--- PROMPT ---
Everything in the listing below should be repeated exactly, apart from the pictures.

--- PROVIDED RECORDS ---
Start of Block

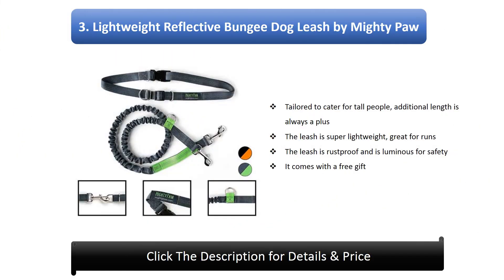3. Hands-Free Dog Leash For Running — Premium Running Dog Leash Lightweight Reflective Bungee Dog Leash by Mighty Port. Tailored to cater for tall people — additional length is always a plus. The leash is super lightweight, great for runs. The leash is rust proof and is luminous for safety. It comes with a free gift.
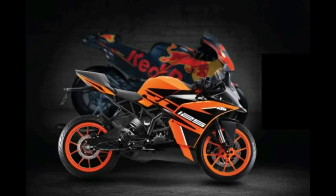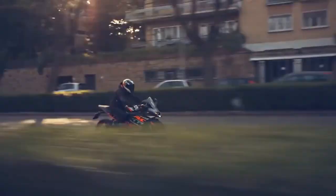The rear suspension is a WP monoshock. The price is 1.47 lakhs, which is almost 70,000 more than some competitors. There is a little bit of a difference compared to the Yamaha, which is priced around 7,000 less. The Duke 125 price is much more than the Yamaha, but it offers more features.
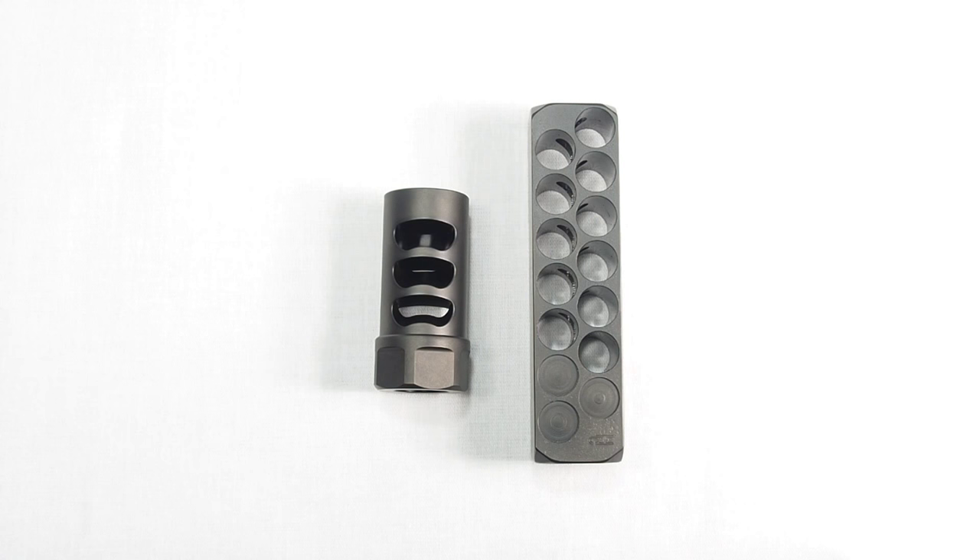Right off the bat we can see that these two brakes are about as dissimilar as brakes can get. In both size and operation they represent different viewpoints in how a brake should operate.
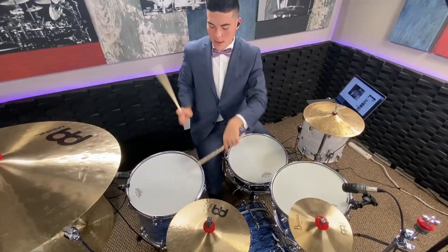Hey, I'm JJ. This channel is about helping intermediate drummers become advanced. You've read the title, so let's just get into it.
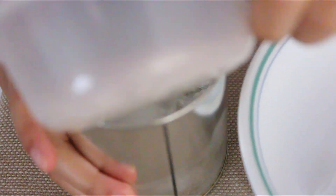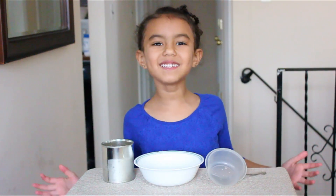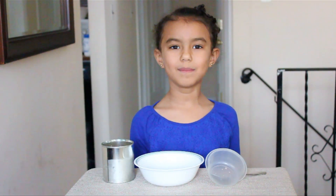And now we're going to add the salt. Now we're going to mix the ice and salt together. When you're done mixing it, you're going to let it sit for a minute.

End of Block

--- ANSWER AREA ---
3. Hands-Free Dog Leash For Running — Premium Running Dog Leash Lightweight Reflective Bungee Dog Leash by Mighty Port. Tailored to cater for tall people — additional length is always a plus. The leash is super lightweight, great for runs. The leash is rust proof and is luminous for safety. It comes with a free gift.
The rear suspension is a WP monoshock. The price is 1.47 lakhs, which is almost 70,000 more than some competitors. There is a little bit of a difference compared to the Yamaha, which is priced around 7,000 less. The Duke 125 price is much more than the Yamaha, but it offers more features.
Right off the bat we can see that these two brakes are about as dissimilar as brakes can get. In both size and operation they represent different viewpoints in how a brake should operate.
Hey, I'm JJ. This channel is about helping intermediate drummers become advanced. You've read the title, so let's just get into it.
And now we're going to add the salt. Now we're going to mix the ice and salt together. When you're done mixing it, you're going to let it sit for a minute.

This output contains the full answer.